Einen Blick ins Fremdwörterbuch gestattete Goethe seinem Universalgelehrten nicht. Theoretisch ließe sich heutzutage bei derartigen Skrupeln das Netz befragen. Praktisch bedeutet es wie üblich: Gewusst wo, denn Altavistas Babel-Fisch wird seinem Namensgeber aus "Per Anhalter durch die Galaxis" in keiner Weise gerecht. Allein für Übersetzungen vom Deutschen ins Englische und vice versa listet das Web of Online Dictionaries zehn Möglichkeiten auf. Die Angebote für Französisch und Spanisch fallen dagegen deutlich zurück, und zweisprachige Wörterbücher für Deutsch-Italienisch scheinen eine Angelegenheit für Spezialisten zu sein, vom Altgriechischen ganz zu schweigen.

Seltsamerweise trifft diese Beobachtung auch für Wörterbücher der deutschen Sprache zu. Einsam auf weiter Flur bietet das Projekt Deutscher Wortschatz an der Universität Leipzig einen Ansatz in diese Richtung. Es erklärt zwar nicht das abgefragte Wort, und eine Rechtschreibprüfung (z.B. lizensieren oder lizenzieren) findet auch nicht statt, aber die Antwort führt immerhin Sätze auf, in denen das gesuchte Wort im Zusammenhang verwendet wird.

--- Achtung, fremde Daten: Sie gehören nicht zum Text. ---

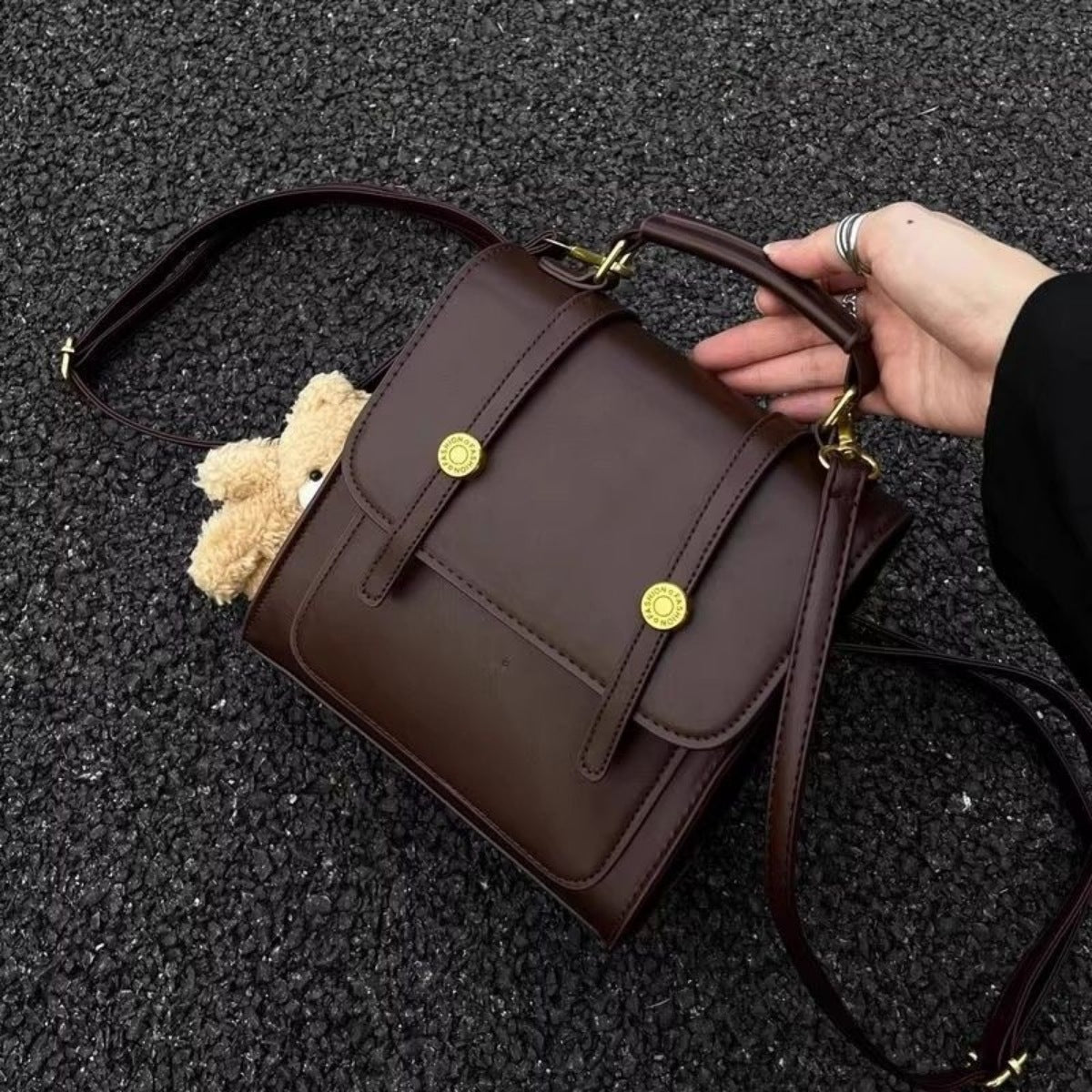 Brown handbag with gold buttons held by a hand on a dark textured surface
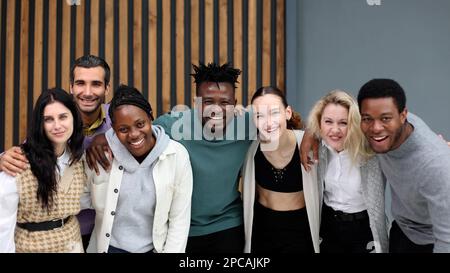 Das Business-Team besteht aus jungen Geschäftsleuten, die Seite an Seite stehen Stockfoto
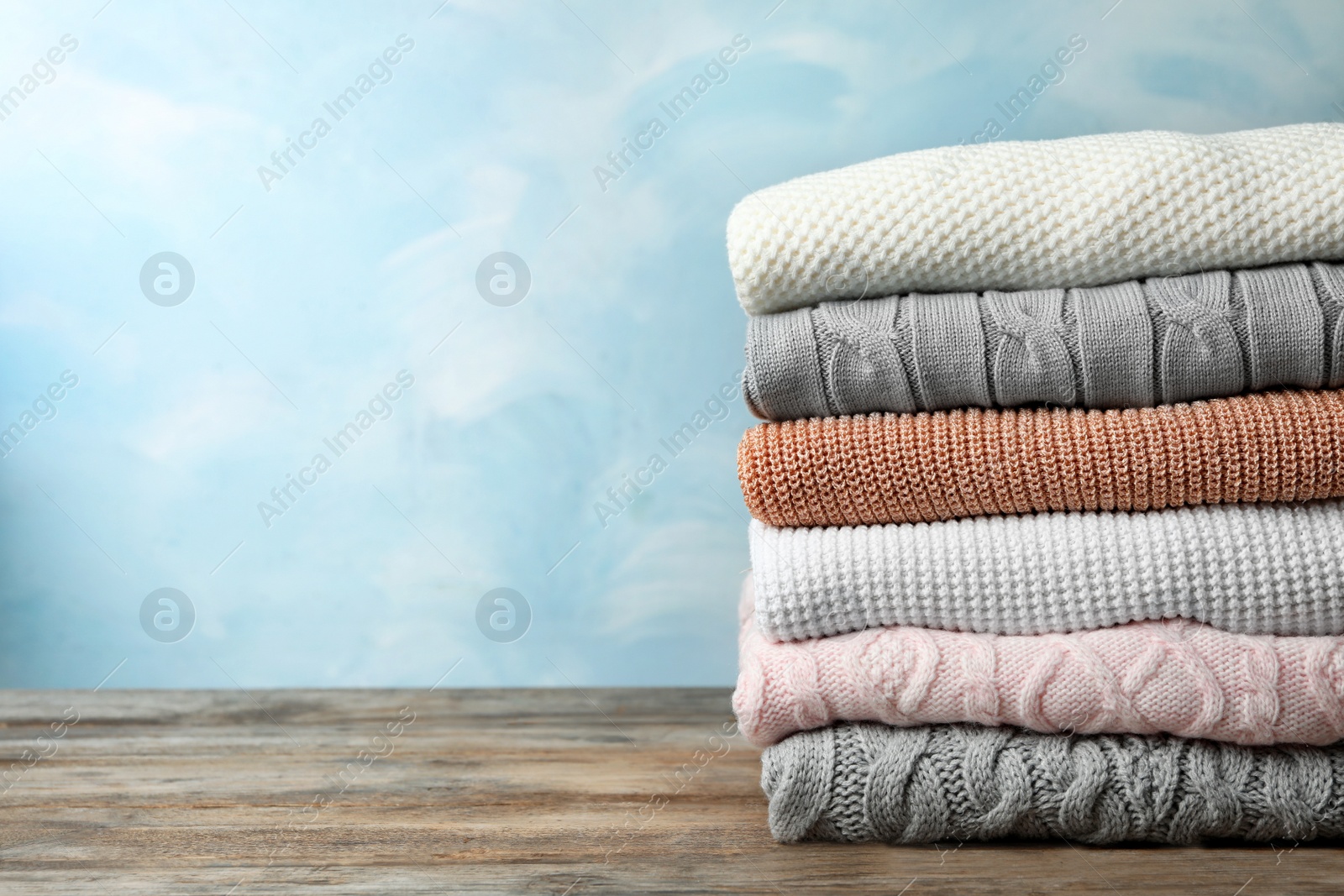 Photo of Stack of warm clothes on wooden table against light blue background, space for text. Autumn season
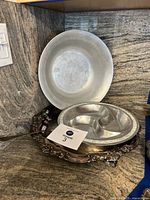 Large silver plated serving dish with three ornate flower feet, plain silver plate behind it, all showing wear and patina.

Im englischsprachigen Raum ist die Situation deutlich besser. Seit diesem Monat hat das altehrwürdige "Oxford English Dictionary" (OED) seinen Weg ins Netz gefunden. Bislang war das Wörterbuch als 20-bändiger Regalfüller oder auf einer CD-Rom erhältlich. Jetzt versuchen die Herausgeber sich an dem Abenteuer, an dem schon die "Encyclopaedia Britannica" gescheitert ist: Den Online-Zugang wollen sie sich von Einzelpersonen mit 350£ im Jahr bezahlen lassen. Beim OED rechnet man jedoch mit universitären Institutionen, die ihre Druckausgabe mit einer Netzwerk-Lizenz durch das Online-Angebot ersetzen könnten. "Die meisten Leute werden in ihrer Bibliothek freien Zugang haben, so wie sie es gewöhnt sind", meint Juliet New, Sprecherin für das Online-Projekt.

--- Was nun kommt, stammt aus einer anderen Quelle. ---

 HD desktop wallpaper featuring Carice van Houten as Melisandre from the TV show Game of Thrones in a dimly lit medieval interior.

Während das Angebot des OED vor allem von akademischem Interesse ist, steht mit dem amerikanischen Webster immerhin ein frei zugängliches kommerzielles Wörterbuch für den Hausgebrauch zur Verfügung. Daneben existiert mit Wordnet ein freies Wörterbuch, das aus einem Forschungsprojekt an der Universität Princeton hervorging. Es bietet Definitionen von etwas mehr als 120000 Wörtern. Noch etwas umfangreicher gibt sich die Ausgabe des Webster von 1913, die sich in der Public Domain befindet.

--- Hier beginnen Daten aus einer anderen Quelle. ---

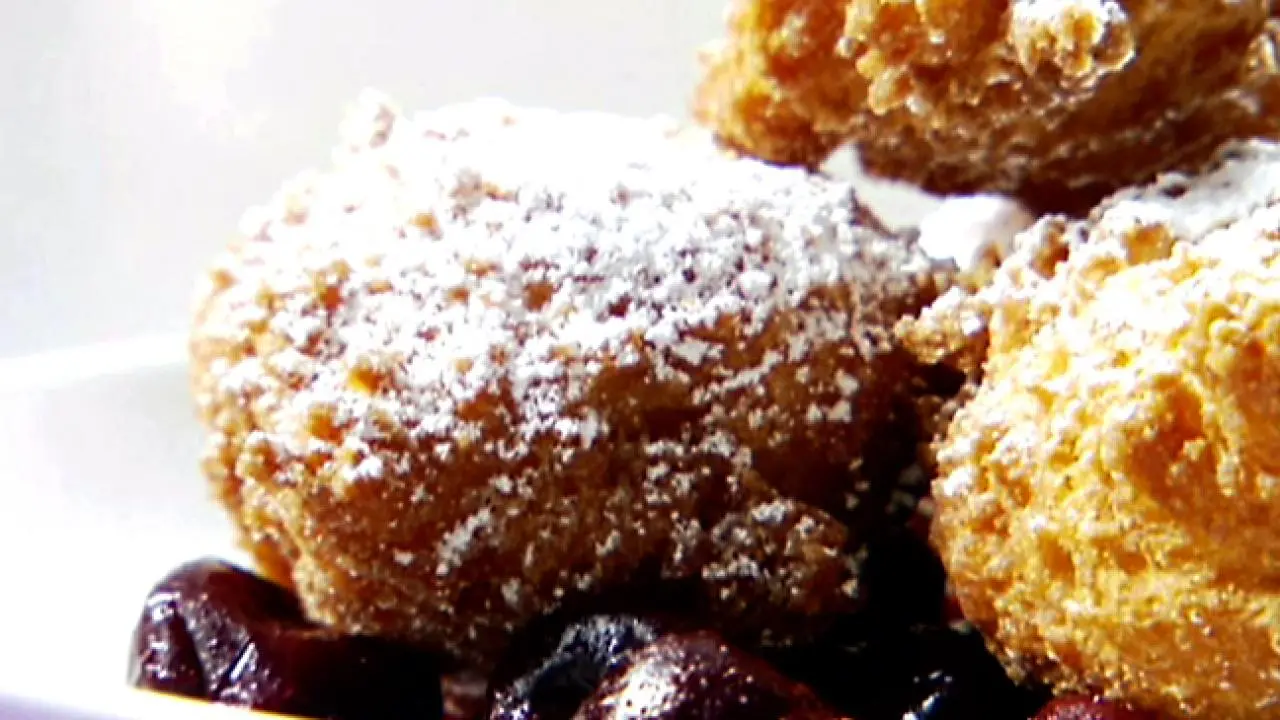 Italian Donuts in Cherry Sauce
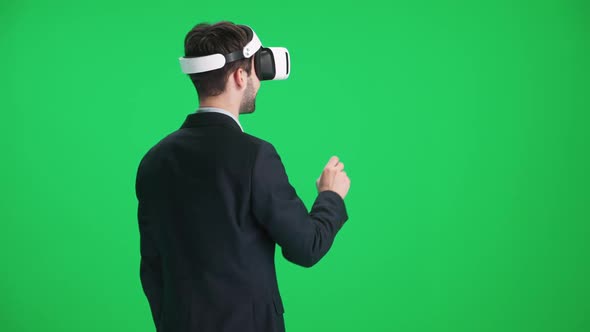 Man in Futuristic Virtual Reality Glasses Controls the Virtual Interface with a Hands Movement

Die alten wie die neuen Angebote haben zwei Aspekte gemeinsam. Zum einen werden die Einträge zu ihren Stichwörtern von einer zentralen Redaktion abgesegnet. So arbeiten seit 1993 320 ausgewählte Spezialisten an der Revision des OED, die in zehn Jahren abgeschlossen sein soll. Zum anderen verlassen sich die Angebote auf ein Web-Interface. Das Nachschlagen wird damit zu einer umständlichen Angelegenheit: Browser starten, Adresse hervorkramen, Wort eingeben und warten. Beim Lesen von Online-Dokumenten mag das noch angehen, beim Schreiben eigener Texte wird es quälend. Der Griff zum herkömmlichen Buch erweist sich da in den meisten Fällen als deutlich schneller und effektiver.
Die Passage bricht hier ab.